If you didn’t catch my last post (or simply skipped over it because it was super long), my parents are currently living with me until their home is restored. In regards to TV watching, I don’t have anything but Amazon and Netflix. My parents wanted more than that, so they temporarily transferred their Direct TV service to my home. No complaints here as I’ve been able to catch a fair number of trashy reality TV shows on Bravo – – that’s totally a guilty pleasure of mine.
With all that watching, I came to the realization that Matt is very similar to Jax Taylor from the show Vanderpump Rules.

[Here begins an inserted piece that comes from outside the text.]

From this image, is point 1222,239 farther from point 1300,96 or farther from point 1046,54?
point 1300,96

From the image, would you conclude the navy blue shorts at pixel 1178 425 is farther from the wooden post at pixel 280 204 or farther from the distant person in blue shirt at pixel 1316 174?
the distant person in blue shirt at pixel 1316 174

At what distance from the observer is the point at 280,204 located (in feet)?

I mean damn…Jax is um…FLIPPING HOT, but it’s so much more than that and that’s where the similarities come in. It’s been probably 3-4 years since I last had Direct TV and saw an episode of the show. It’s crazy how the same dramatic people are still doing the same dramatic things – fighting, gossiping, cheating, lying, and getting wasted.
I remember watching episodes where Jax had slept with multiple women and of course lied about it. While his friends and co-workers were disgusted with his behavior, he always found a way to weasel his way back in or make some excuse for his behavior.

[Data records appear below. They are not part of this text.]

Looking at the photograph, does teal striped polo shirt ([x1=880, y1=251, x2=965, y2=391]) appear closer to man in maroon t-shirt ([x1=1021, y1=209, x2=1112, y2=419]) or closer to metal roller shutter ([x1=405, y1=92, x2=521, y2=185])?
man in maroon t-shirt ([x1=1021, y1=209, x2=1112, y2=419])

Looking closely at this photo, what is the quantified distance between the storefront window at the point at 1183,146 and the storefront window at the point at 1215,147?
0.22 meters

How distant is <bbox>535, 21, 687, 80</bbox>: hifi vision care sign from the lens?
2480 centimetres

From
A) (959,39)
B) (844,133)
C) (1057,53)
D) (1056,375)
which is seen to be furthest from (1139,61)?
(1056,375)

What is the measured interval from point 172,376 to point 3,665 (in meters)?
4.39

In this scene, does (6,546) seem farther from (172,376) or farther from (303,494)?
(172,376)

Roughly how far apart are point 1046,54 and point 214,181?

In a twisted way, he’s kind of fascinating to watch. His personality is like Matt’s (or vice versa). He has an undeniable amount of charisma and charm. He’s for sure a bit of a narcissist, a compulsive liar, and a womanizer. Both are some smooth talkers – – the types that could sell ice to an Eskimo.
Jax is uber manipulative. He can flash a smile and bat his gorgeous eyes and then fill a head with one fabrication after another. Matt can do that too. Do I know Jax? Um no, but I can see that both exude extraordinary charm and because of that, they can make a woman believe the most outlandish shit. Some people just have this knack for explaining their way out of every situation possible. They will do and say anything to get you to believe them. They will lie, blame, twist, manipulate, play the victim, and produce tears…whatever it takes and it will seem pretty genuine and sincere; pretty believable.

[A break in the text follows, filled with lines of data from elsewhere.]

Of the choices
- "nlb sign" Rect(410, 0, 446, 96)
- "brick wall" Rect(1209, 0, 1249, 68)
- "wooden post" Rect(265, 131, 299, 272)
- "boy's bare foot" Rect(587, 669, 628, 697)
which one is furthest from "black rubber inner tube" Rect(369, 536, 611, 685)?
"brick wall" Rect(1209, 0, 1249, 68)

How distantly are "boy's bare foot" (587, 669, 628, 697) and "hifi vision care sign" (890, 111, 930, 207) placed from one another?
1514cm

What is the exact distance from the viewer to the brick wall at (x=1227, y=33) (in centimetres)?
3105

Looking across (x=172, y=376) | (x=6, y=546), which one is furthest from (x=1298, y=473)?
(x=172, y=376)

It seems like this type of person has a magnetic even hypnotic personality – – they can be super fun to be around. Their charm makes them very amusing and likeable. They have big personalities and bigger faults – – but you get so captivated by their charm, attention, and affection that you don’t see things for what they really are. You are captivated and blinded by the charisma that just oozes out of them so naturally. And you know what… at least for Matt…I don’t think he’s some dark, demented person. I think he’s a good person with a big heart. He has many great qualities. However, after looking back on things, I can much more clearly see the manipulation and scheming that took place. Sadly, I think the overuse of prescription meds just compounded everything and created another layer of deceitfulness. I mean…have you ever encountered complete transparency and consistent truth by someone abusing a substance? No, you haven’t.
This is so accurate….
They seem like the perfect boyfriend, and in the beginning they are attentive, thoughtful, generous, and kind. You become enamored and are swept off your feet. Although you maybe hear murmurings from friends or family (or in my case, Matt’s ex-wife) that he seems “too nice” you brush aside their comments. You only have eyes for him, and in those eyes, he’s “the one.”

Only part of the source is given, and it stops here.